[HN Gopher] Better visibility into Linux packet-dropping decisions
       ___________________________________________________________________
        
       Better visibility into Linux packet-dropping decisions
        
       Author : rwmj
       Score  : 88 points
       Date   : 2022-03-03 17:39 UTC (5 hours ago)
        
 (HTM) web link (lwn.net)
 (TXT) w3m dump (lwn.net)
        
       | egberts1 wrote:
       | There are 2,700 ways to arguably lose a packet within the kernel
       | and 6/10th of 1% are reported to the log.
       | 
       | One thing I've noticed is that introducing another function
       | argument can alter tightly written loops and calls (also known as
       | introducing instruction-cache busting).
       | 
       | I am quite sure Jen Axboe has something to say about this while
       | he is busy pushing the Linux kernel toward multi-million IO and
       | packet processing throughout.
        
         | rwmj wrote:
         | Error/packet-drop paths can be moved to a cold path outside of
         | hot loops using if(unlikely(...)), although I agree that does
         | require analysis & code modifications.
        
       | contingencies wrote:
       | Cool but I think the following are safe assumptions: Most packets
       | are dropped "elsewhere". Most packets are dropped due to
       | misconfiguration, route loss (often due to power loss, link
       | change or link integrity issues), or firewalling. Well written
       | applications tend to survive regardless. IPv6 is nominally better
       | than IPv4 in terms of surviving link state changes.
       | 
       | Also: The recent trend of putting everything down web sockets is
       | bad, as it effectively regresses to circuit-switched networking
       | with undefined QoS guarantees / failure types and crap tooling.
       | Hopefully we've already passed 'peak websocket'.
        
         | toast0 wrote:
         | > Most packets are dropped "elsewhere".
         | 
         | This is probably true, but elsewhere packet loss is often
         | diffuse. If you're looking into packet loss, it's likely
         | because something is overloaded on your machine resulting in a
         | burst of loss that affects user experience or your stats.
         | Surviving is great, but eliminating bottlenecks you can control
         | is better.
        
           | jeffbee wrote:
           | I don't take the statement that packets are dropped elsewhere
           | as obviously true.
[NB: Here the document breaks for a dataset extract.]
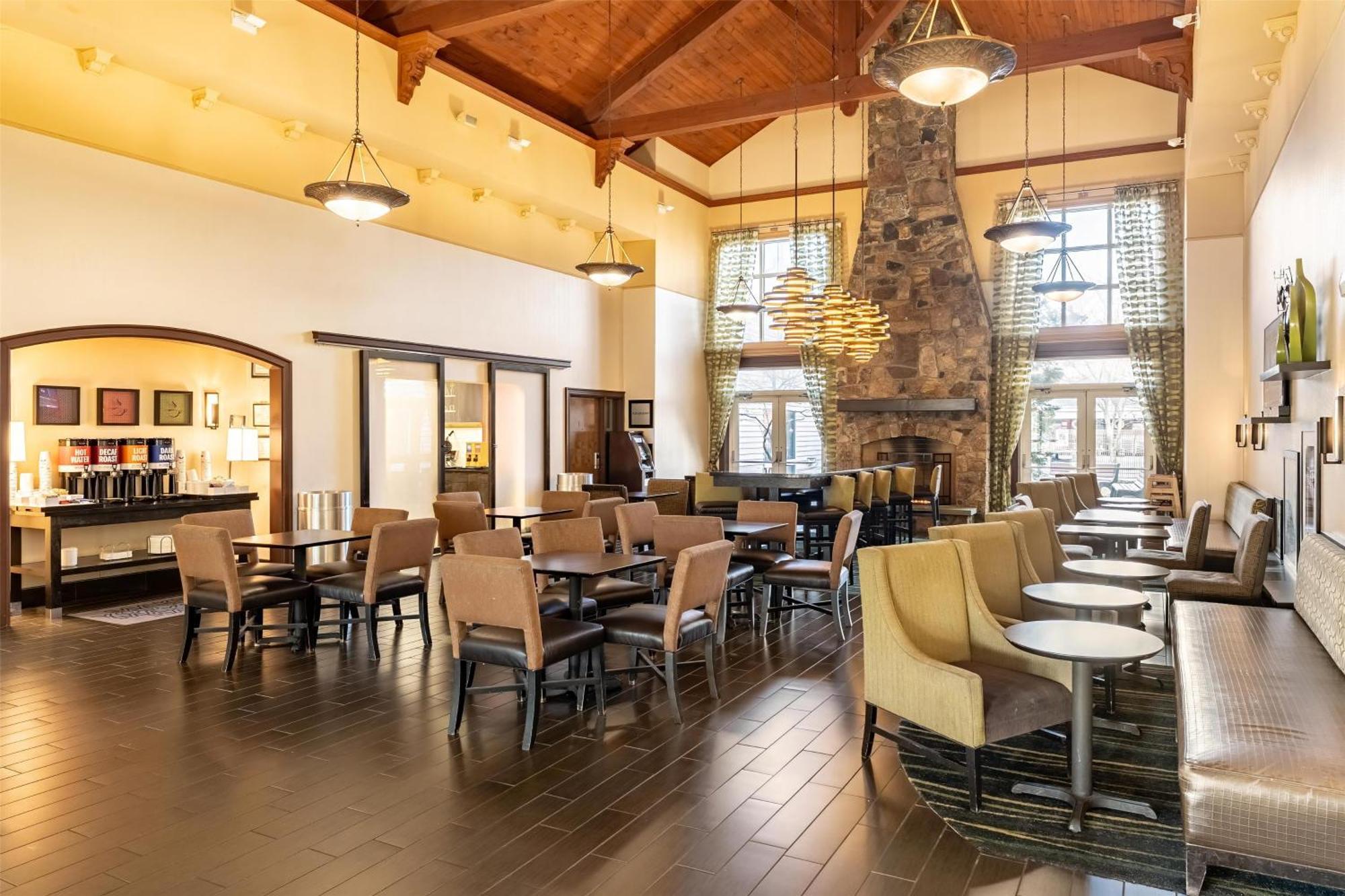Hampton Inn & Suites Newtown Yardley Ngoại thất bức ảnh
Your own box will drop due to queue
           | discipline buffer sizes, NIC queue pruning, and a hundred
           | other reasons.
        
       | predakanga wrote:
       | I recently came across another useful utility for debugging
       | unexpected packet drops - PWRU[0] (Packet, Where Are You) by
       | Cilium.
       | 
       | It uses eBPF to try to trace the path of the packet through the
       | kernel. Haven't needed to use it yet, but it could have saved me
       | a lot of trouble in the past.
       | 
       | [0]: https://github.com/cilium/pwru
        
       | tptacek wrote:
       | drop_mon (or whatever it's called) is one of the weirder things
       | in the Linux kernel. It has only one implementation I've found,
       | "dropwatch", which is, to put it gently, not a great example of a
       | modern C CLI program --- for instance, the kernel subsystem gives
       | you snapshots of packet contents themselves, and there is already
       | a very flexible and easy-to-use library for filtering packets
       | based on their contents with an enormous ecosystem, but all
       | dropwatch will do is print dumps.
       | 
       | I threw together a half-assed POC alternative implementation in
       | Go a couple months ago, using Matt Layher's fantastic netlink
       | libraries:
       | 
       | https://github.com/superfly/dropspy
       | 
       | I have the impression that the drop_mon stuff isn't taken super
       | seriously by anyone, but it's incredibly useful when you're
       | debugging complicated networking stuff.
        
         | suprjami wrote:
         | There's a dropwatch in SystemTap which produces similar output
         | to the dropwatch program but has been significantly more useful
         | for our purposes. Adding a backtrace to that can be useful.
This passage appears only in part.